VA officials warned legislators that a spike in other veterans’ wait times on claims could come from shifting the priority to older claims, U.S. Rep. Bill Flores, R-Bryan, said.

Flores, who sits on the House Committee on Veterans’ Affairs, said the VA also has transitioned to a new paperless system for filing and reviewing claims.

While the aim of the system is to reduce inefficiency and speed up processing, Flores said the agency expected some delays in productivity during the transition.

In addition, the VA this year temporarily halted claims processing at low-performing regional offices in Baltimore, Oakland and Los Angeles to retrain staff members. Those cases were transferred to other centers, including the ?Waco regional office, Flores said.

“At this point, we’re hopeful that the VA has this situation under control and that they’re on the right path, but we are watching them very, very closely,” Flores said.

The VA now is placing a priority on resolving an estimated 192,000 cases nationally that have been pending for a year or longer, Morley wrote in a statement.

Flores expects that as more of the outstanding claims are resolved, veterans will begin to see shorter wait times for a benefits decision during the coming year.

But he added that the spike exposes a larger need for the VA’s central administration to establish a better management strategy for processing claims before they end up sitting in the system.

2015 goal

Of the 833,130 cases pending nationally, 547,922 are considered backlogged, according to a report from Flores’ office. The VA has set a goal of eliminating the backlog by 2015.

Before the push to tackle older claims, the VA first saw wait times increase in 2010 when it had to prioritize 248,000 new and existing Vietnam War-era claims to account for three new presumed illnesses attached to Agent Orange exposure.

“It seems like the VA jumps from one crisis to another,” Flores said. “And instead of jumping from one crisis to another, it seems to me that we ought to have a master workload plan so that we’re better balancing our claims processing resources across all of our population of claims, and I think we’ll have a better outcome.”

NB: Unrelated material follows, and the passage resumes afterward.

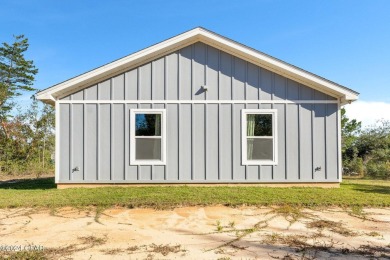 This is a bank approved Pre-Foreclosures Short Sale.  Seller on Sunny Hills Golf and Country Club in Florida - for sale on GolfHomes.com, golf home, golf lot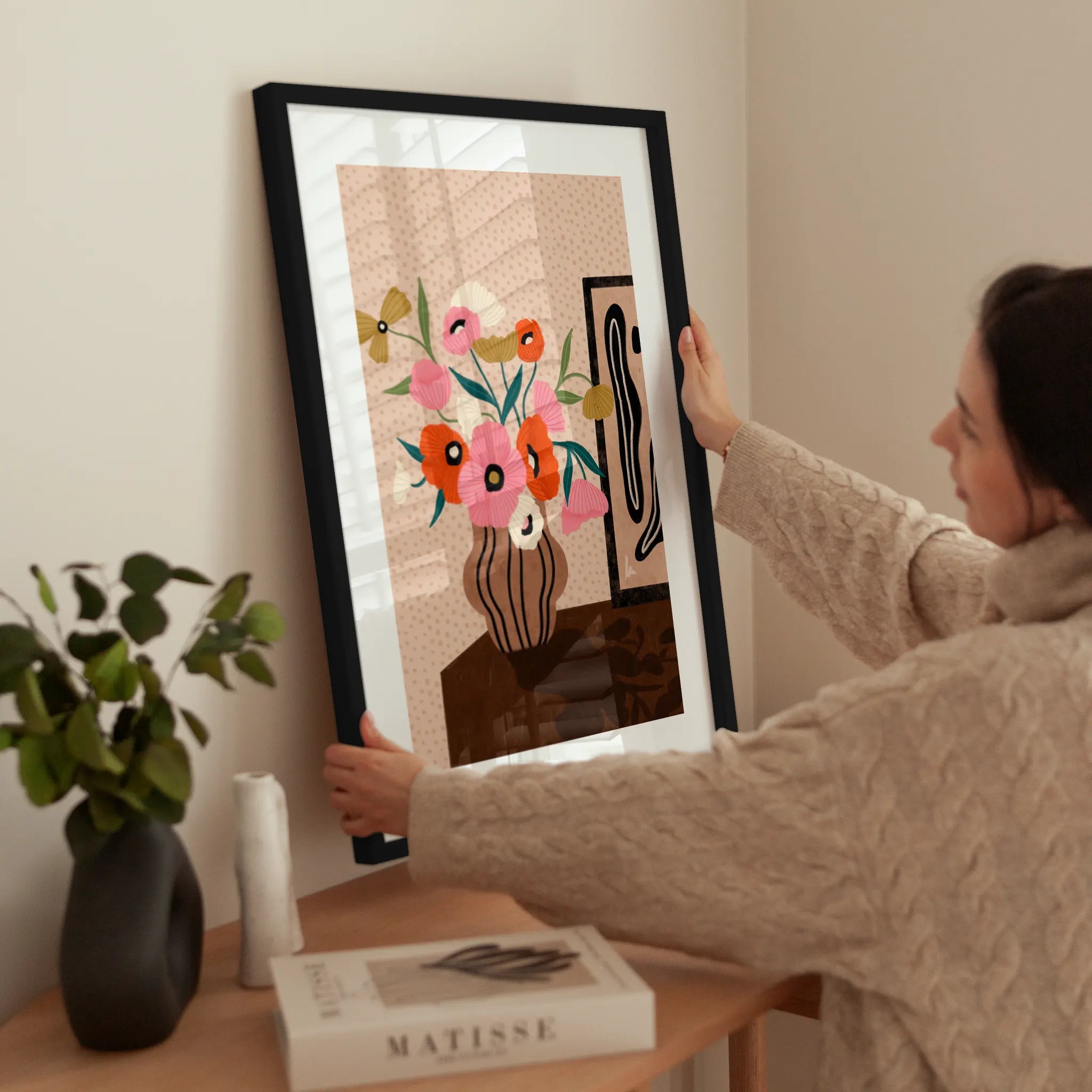 Flowers On Sideboard wird aufgehängt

Flores said the agency has told legislators that it has the appropriate funding and staffing to manage the claims workload.

But administrators have said the working culture must improve at regional offices to make sure employees are productive in managing their ?caseloads.

“You’ve got a lot of good people that are working the claims efficiently and effectively and accurately, and they see the person at the desk next to them that’s not working as hard, and that’s a morale destroyer,” Flores said, though he offered praise for workers at the Waco regional ?office.

“So there’s cultural aspects that we need to fix.”